→ **ASSIGNMENT**:
Output, exactly as written, the lines below from the one that has "ねこ―（個別スタンプ：1）" through the one that has "Microgreen Microgreen Of"; nothing else, and no pictures.

→ **DATA**:
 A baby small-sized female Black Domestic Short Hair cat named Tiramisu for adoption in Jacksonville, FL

* * *

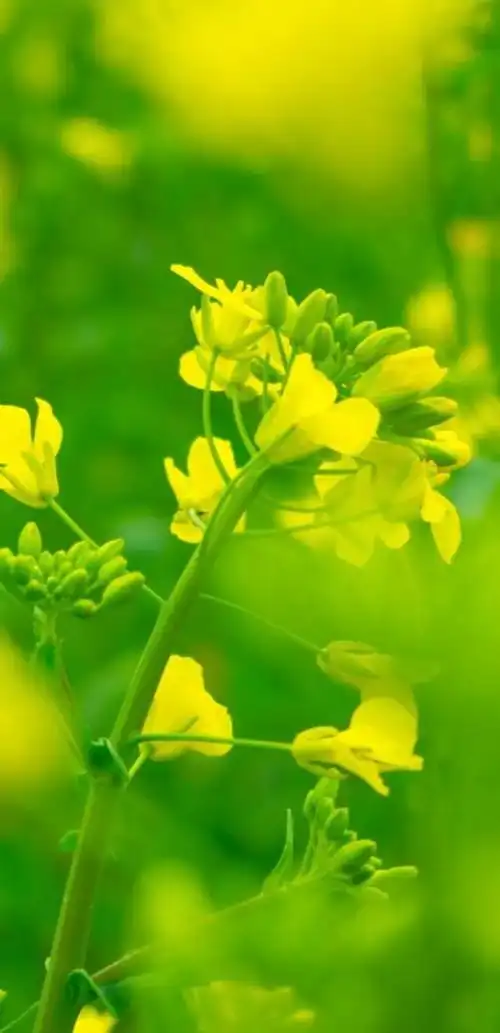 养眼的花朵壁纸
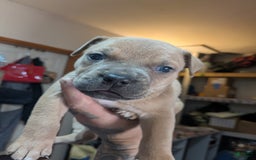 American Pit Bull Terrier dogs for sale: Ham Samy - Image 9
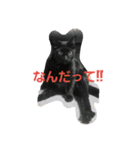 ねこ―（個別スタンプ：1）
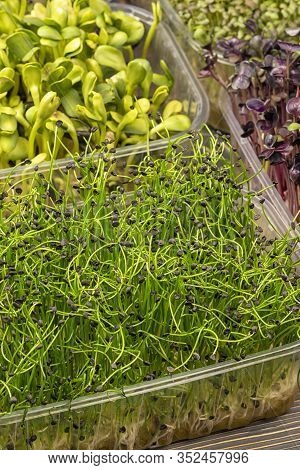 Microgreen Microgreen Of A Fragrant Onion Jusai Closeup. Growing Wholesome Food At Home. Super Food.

→ **EXERCISE RESULT**:
 ねこ―（個別スタンプ：1）
 Microgreen Microgreen Of A Fragrant Onion Jusai Closeup. Growing Wholesome Food At Home. Super Food.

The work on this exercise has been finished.